◆ **WORK ITEM**
Return only that part of the material below which starts with the line containing "Aerial view of the grounds of Sonrisas" and goes on through the line containing "Jan Kiepura as", restated exactly.

◆ **DATA**
'''
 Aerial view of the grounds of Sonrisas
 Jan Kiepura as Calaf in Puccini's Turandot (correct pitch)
'''
'''
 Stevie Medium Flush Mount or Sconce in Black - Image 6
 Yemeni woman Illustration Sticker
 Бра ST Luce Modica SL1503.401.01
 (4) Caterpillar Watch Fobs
'''
◆ **EXPECTED ANSWER**
 Aerial view of the grounds of Sonrisas
 Jan Kiepura as Calaf in Puccini's Turandot (correct pitch)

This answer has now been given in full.